**DIRECTIONS:** Only the pictures should be left out; write out all other data exactly.

**DATA SHOWN:**

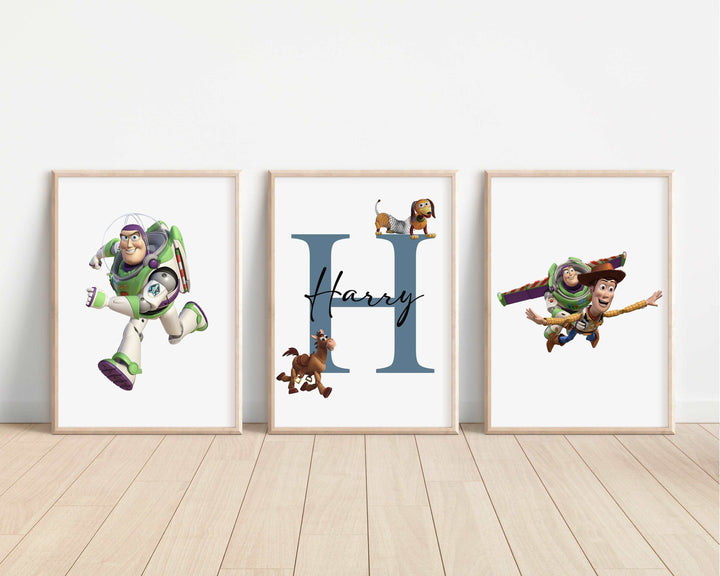 SET OF 3 Toy Story Personalized Print | Woody Buzz Jesse Rex Slinky Bedroom Decor | Kids Children Nursery Bedroom Art Wall Disney Pixar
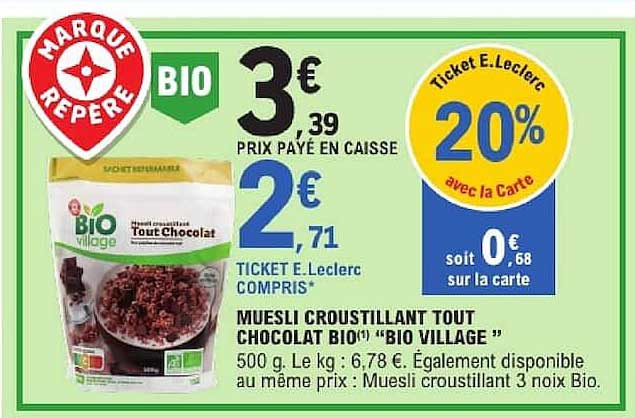 MUESLI CROUSTILLANT TOUT CHOCOLAT BIO(1) “BIO VILLAGE”
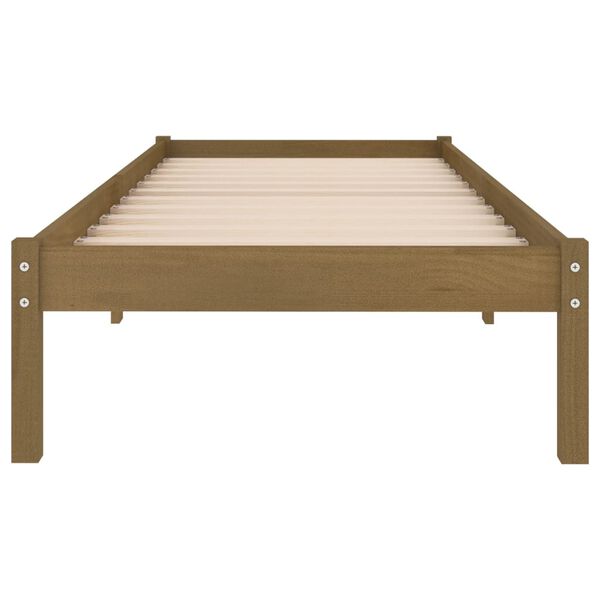 810005 vidaXL Bed Frame without Mattress Honey Brown Solid Wood 90x200 cm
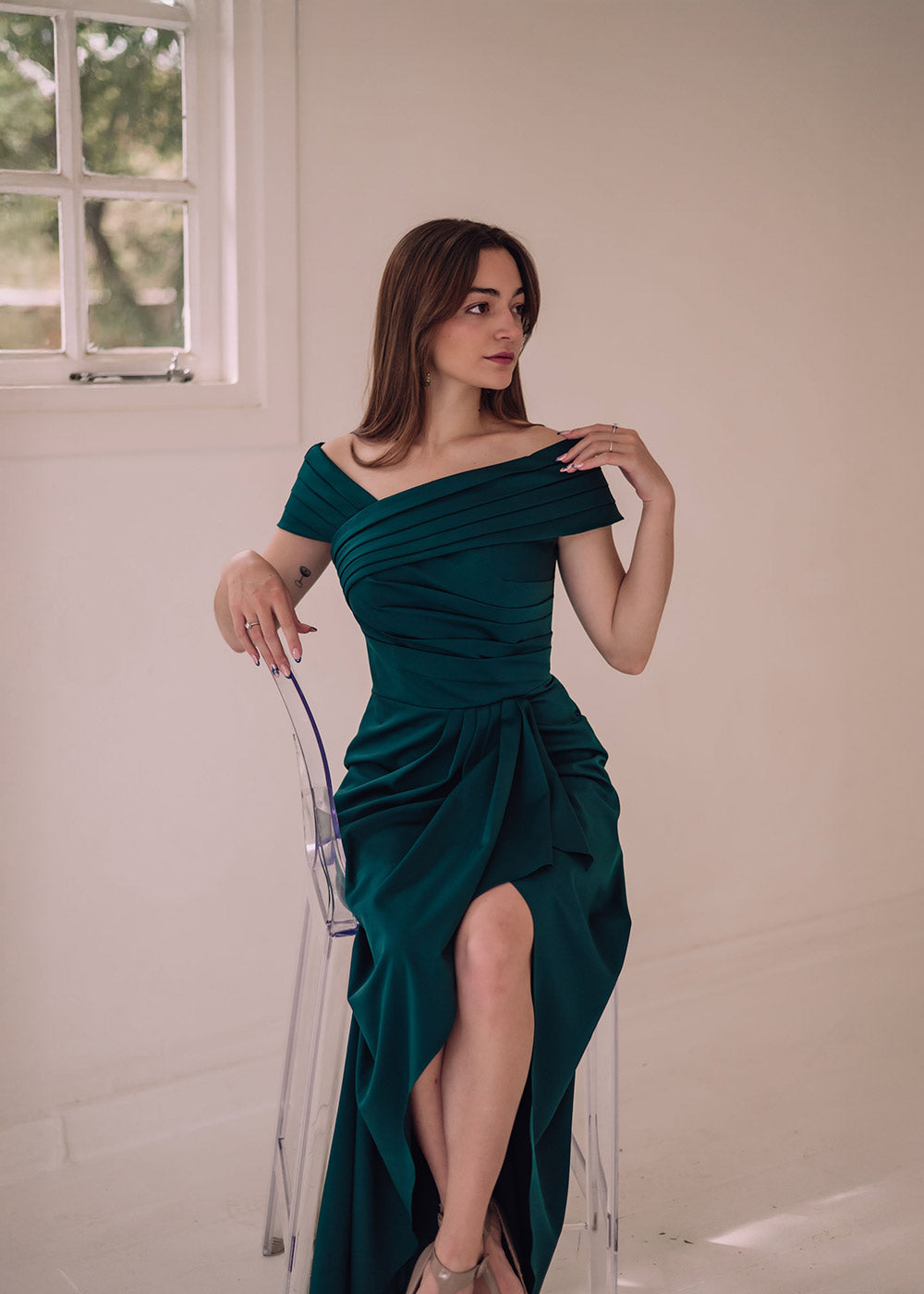 Off Shoulder Satin Empire dress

**ANSWER BOX:**
 SET OF 3 Toy Story Personalized Print | Woody Buzz Jesse Rex Slinky Bedroom Decor | Kids Children Nursery Bedroom Art Wall Disney Pixar
 MUESLI CROUSTILLANT TOUT CHOCOLAT BIO(1) “BIO VILLAGE”
 810005 vidaXL Bed Frame without Mattress Honey Brown Solid Wood 90x200 cm
 Off Shoulder Satin Empire dress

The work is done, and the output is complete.